The conclusion (ch. 7) is mostly a succinct summary, with the addition of a parting shot: “It is a regrettable fact that much Reformed preaching operates in a virtual mono-mood—that of the indicative— to the virtual exclusion of the imperative” (151). Whether the charge is fair or a straw man, my limited exposure to contemporary Reformed preaching is not qualified to judge. Surely Carrick is right when he opines that the doctrinal must be balanced by the practical, the historical by the ethical, the historia salutis by the ordo salutis, and the work of Christ by the work of the Spirit (151). His final statement is, “It is absolutely essential that the great indicatives of Christ’s accomplishment of redemption be balanced by the great imperatives of the Spirit’s application of redemption” (151). May the Lord deliver His church from pulpits devoid of either.

Three appendixes supply further illustrations of the exclamative, the interrogative, and the imperative from Reformed preaching. They may be the most useful to readers who are relatively unfamiliar with the spiritual eloquence of our forefathers, as a provocation to read more of their sermons. I agree with Earl Blackburn’s two minor criticisms4 that including illustrative examples from Calvin’s sermons alongside the five Carrick chose and an appendix dedicated to the indicative mood would have strengthened the book.
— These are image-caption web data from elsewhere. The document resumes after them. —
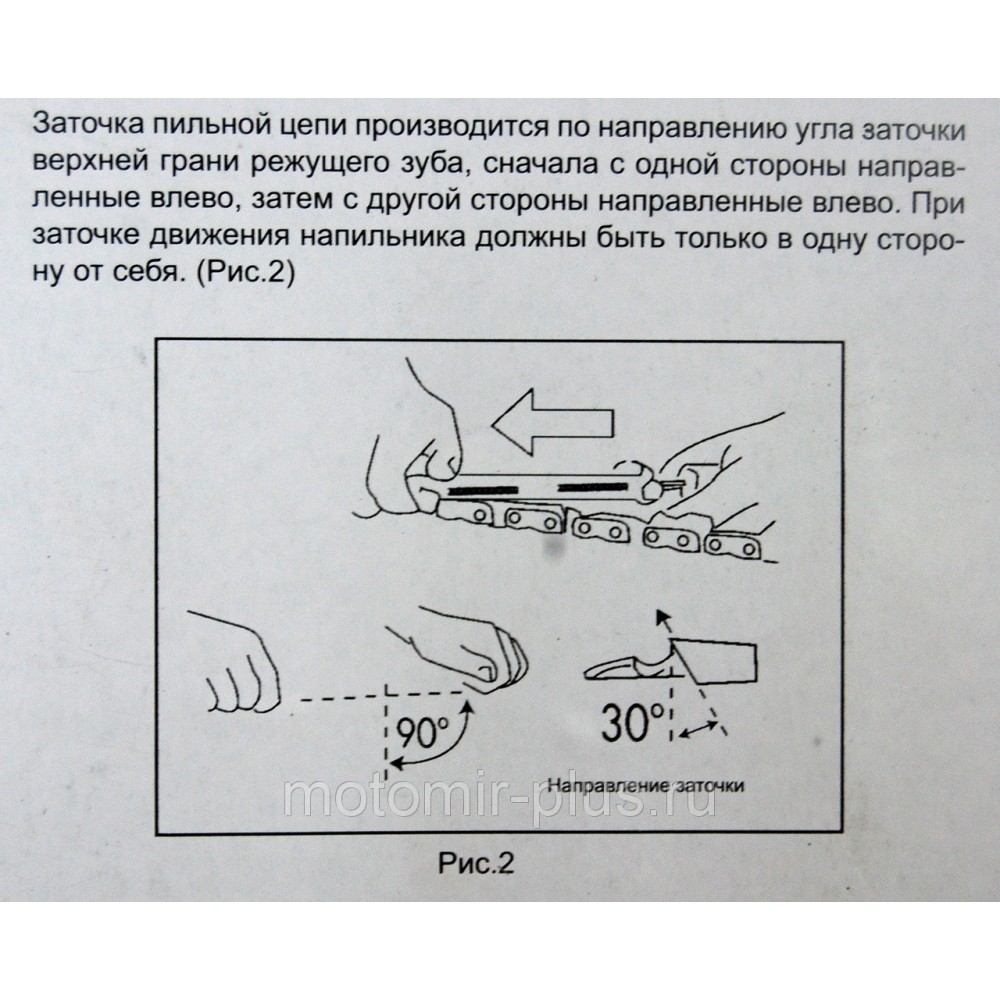 Направление зубьев на бензопиле рисунок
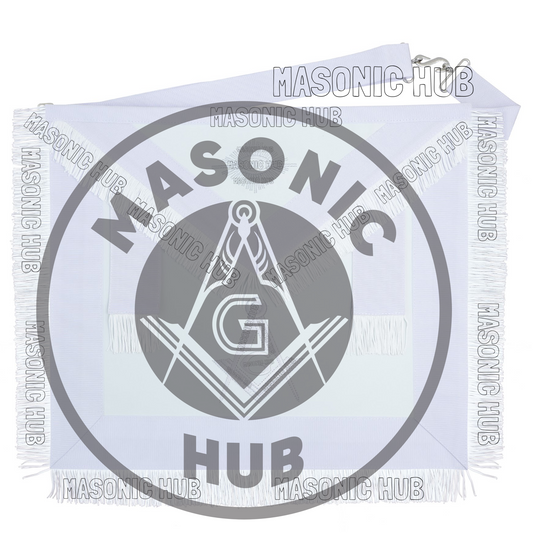 Master Mason Masonic Apron – All White Fringe Machine Embroidery All-Seeing Eye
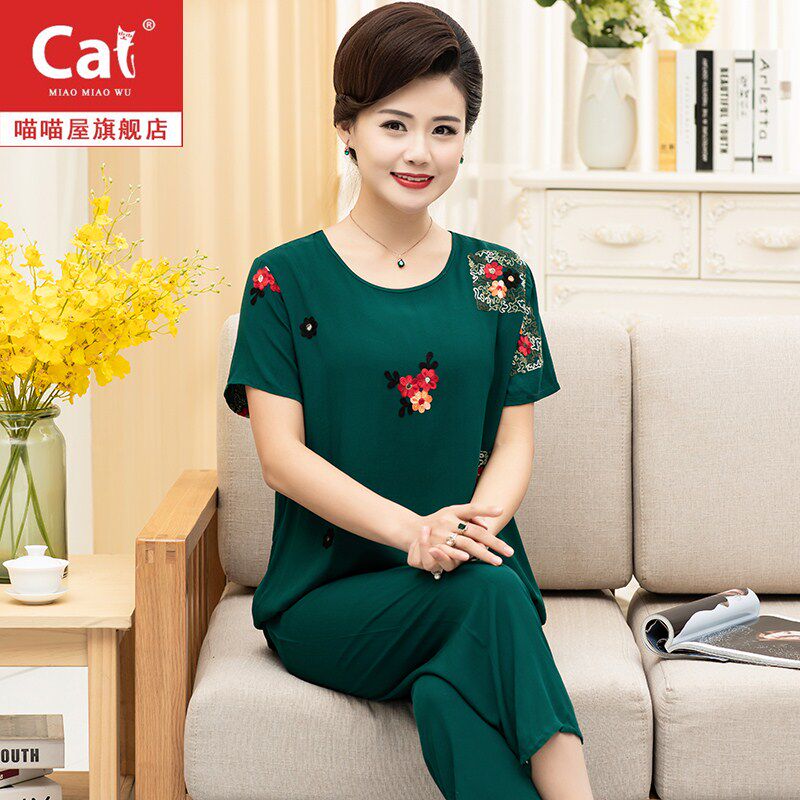 Middle-aged mother pajamas summer cotton short sleeve thin plus code middle-aged mother-in-law silk home clothing summer
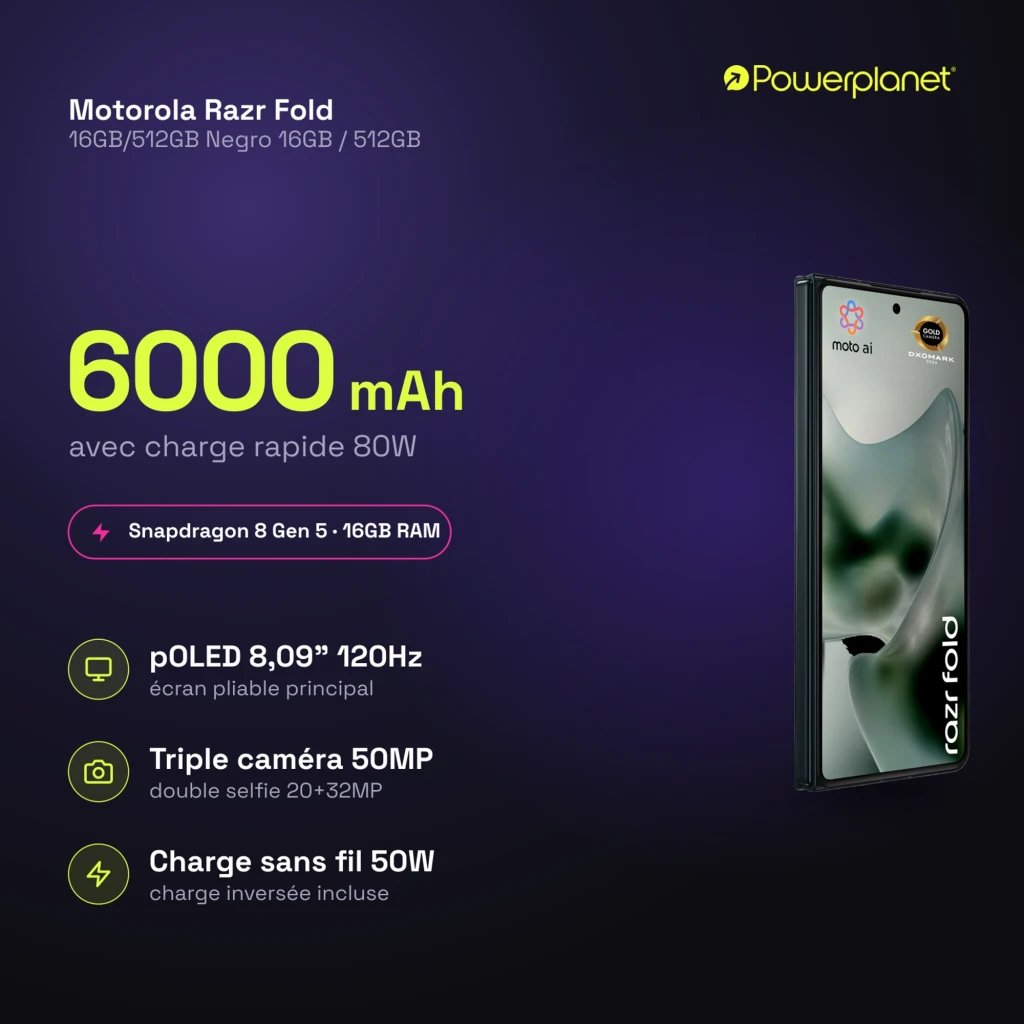 Motorola Razr Fold 5G negro con pantalla pOLED 8,09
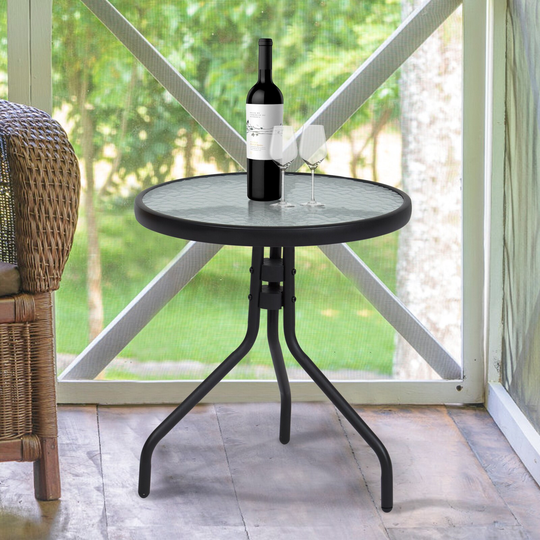 Patio Round Side Table w/ Tempered Glass Top, Bistro Coffee Table Outdoor Metal End Table with Legs for Outdoor Garden Backyard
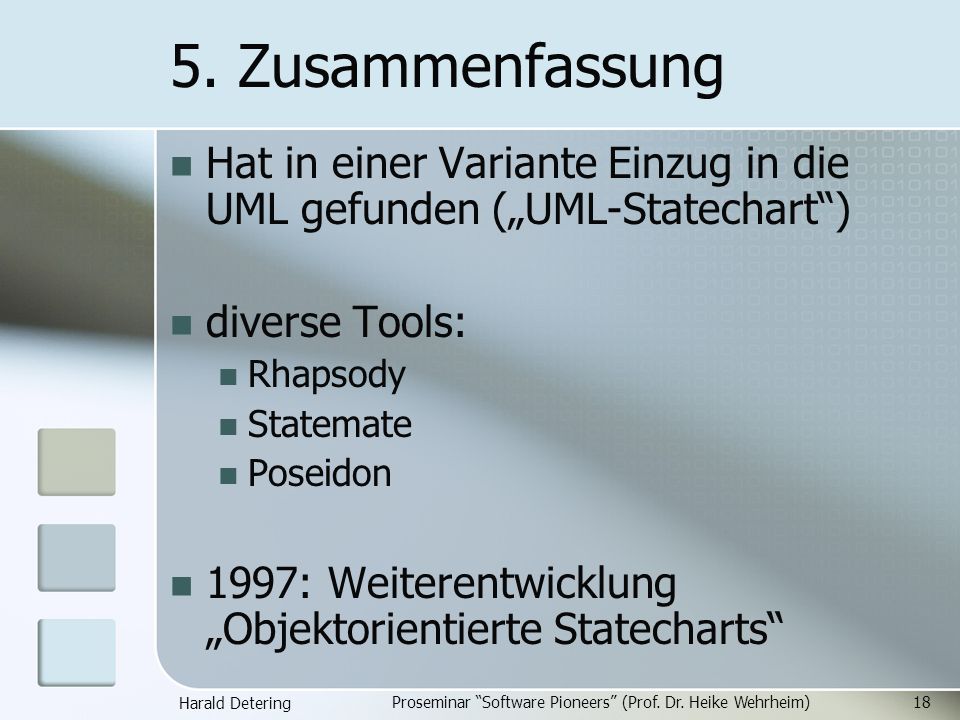 Proseminar Software Pioneers (Prof. Dr. Heike Wehrheim)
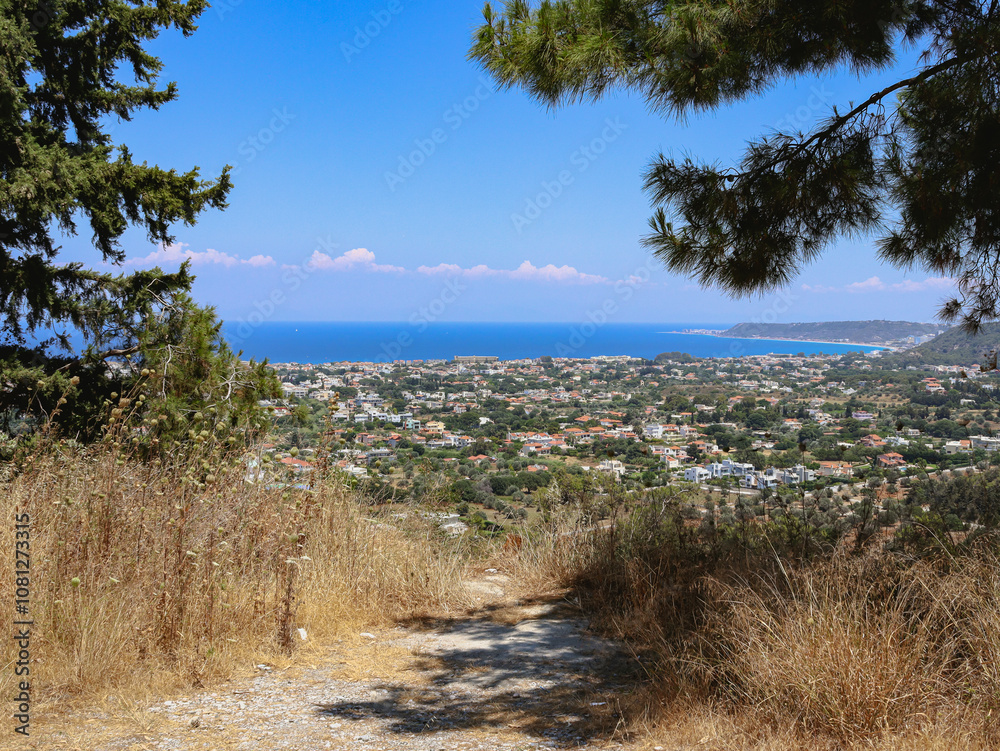 Beautiful view of villages on the Aegean coast in Greece. Beautiful view of villages on the Aegean coast in Greece.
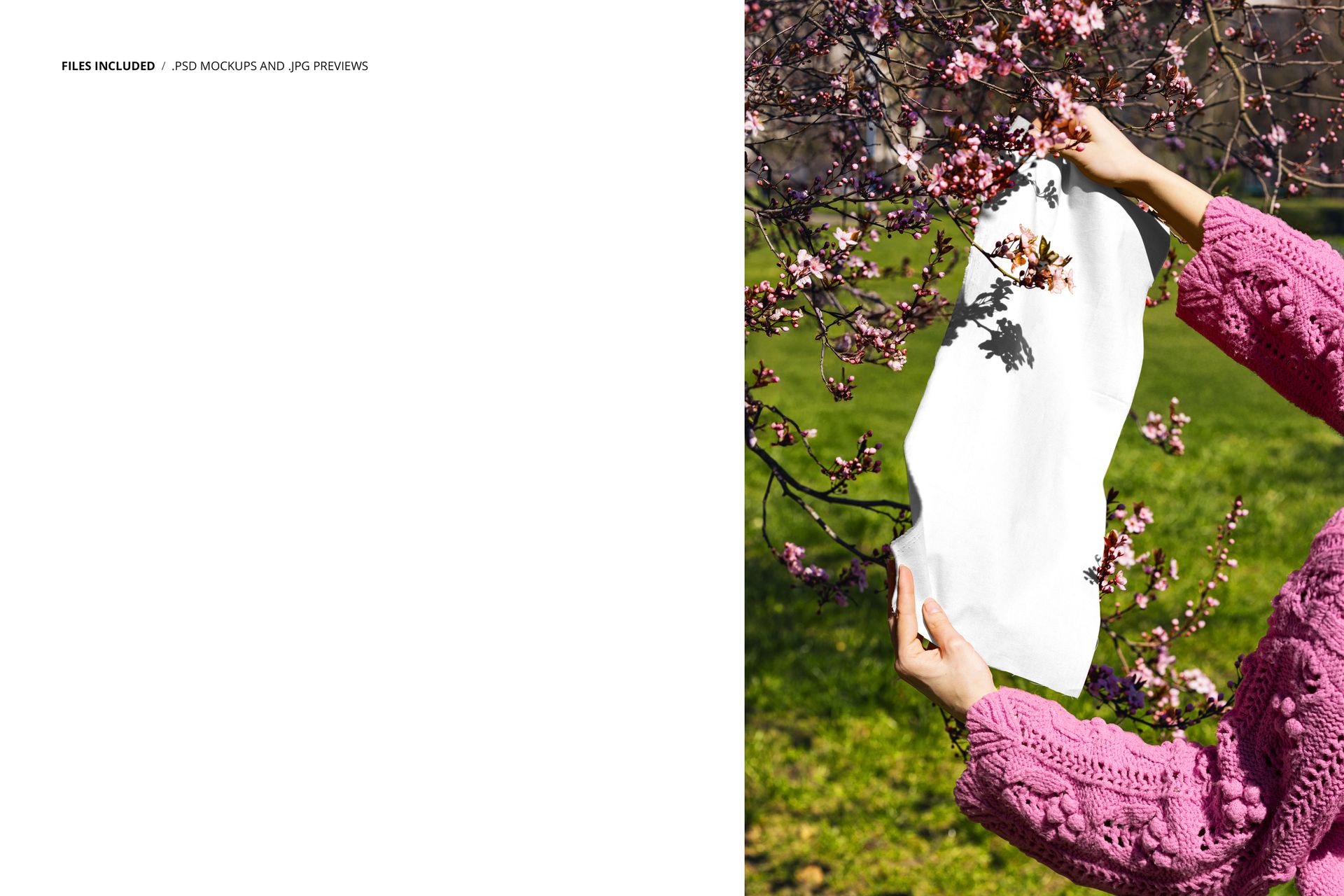 Hand holding a white fabric swatch in front of blossoming pink branches outdoors, shown in a PSD mockup scene.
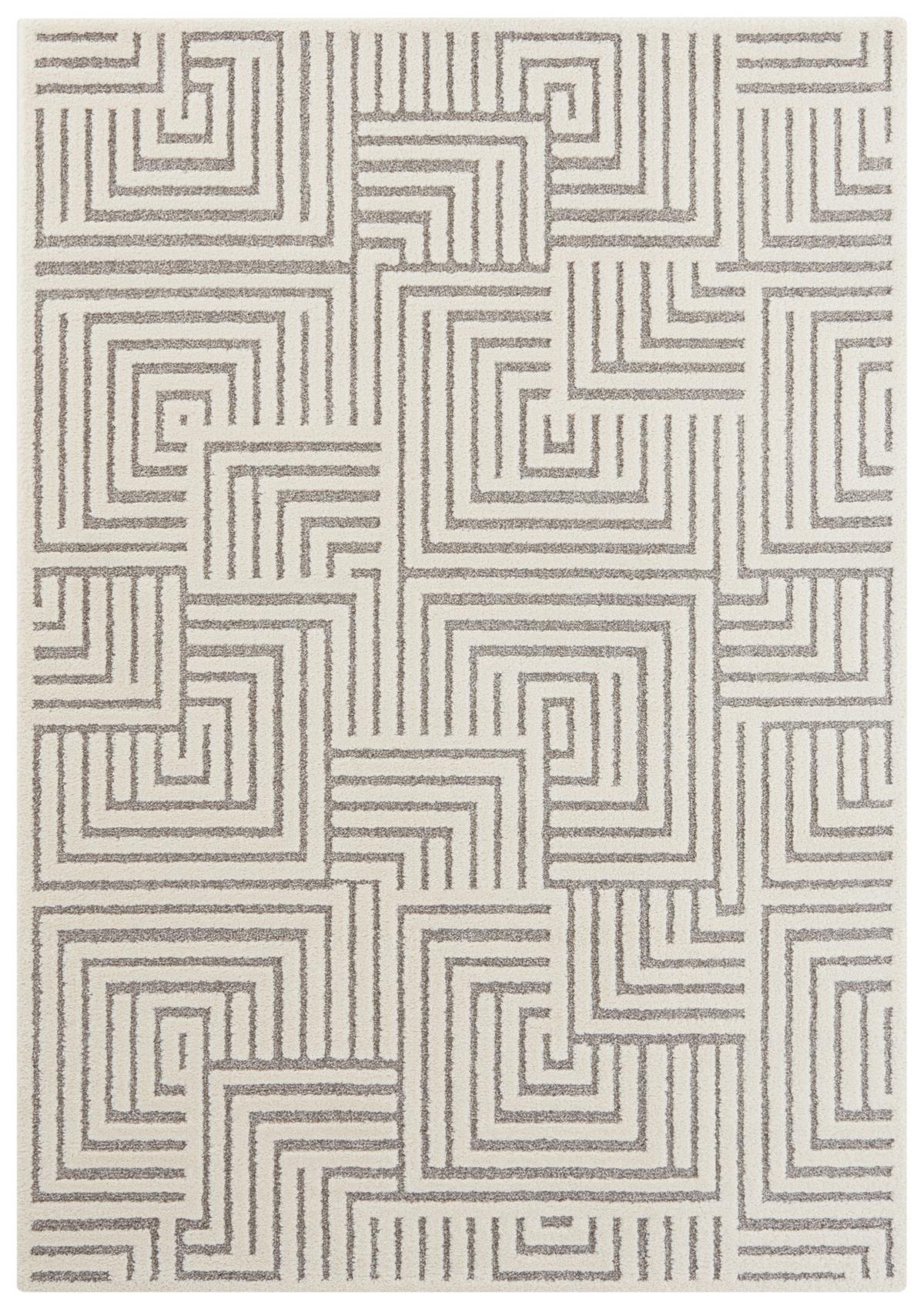 Hochflorteppich Manipu Creme/Grau ca. 80x150cm - Creme/Grau, Basics, Kunststoff (80/150cm)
Whatever one’s familiarity with this topic or position taken, this book seems to be an important contribution worthy of consideration by all modern Reformed preachers, and so I recommend it with meek enthusiasm. Its head-on criticisms of some RHP will disturb adherents, but where the tool is sharpened sparks are bound to fly. Let us receive Carrick’s savory meat and leave any bones on the plate. A well-reasoned and specific response to this book by a worthy champion of RHP would also prove an interesting read and may shed more light upon this homiletical controversy.

You may find interesting the attached brief report of Carrick debating a RHP proponent named William Dennison (yes, another brother) at the March 2002 theology conference sponsored by Greenville Presbyterian Theological Seminary, where Carrick teaches.5 It may prove especially useful to us because in it the other side is not mute.

1. James T. Dennison, Jr. (1943-present), Librarian and Lecturer in Church History at WTS in California from 1980- 2000, currently Professor of Church History and Academic Dean at Northwest Theological Seminary in Lynnwood, Washington; Charles G. Dennison (1945-1999), Pastor of Grace OPC of Sewickley, PA; Lee Irons (see footnote 6).
3. Lectures on Sacred Rhetoric, Lecture III, “Distribution of Subjects,” pp. 57-58.
4. See first review referenced in footnote 1.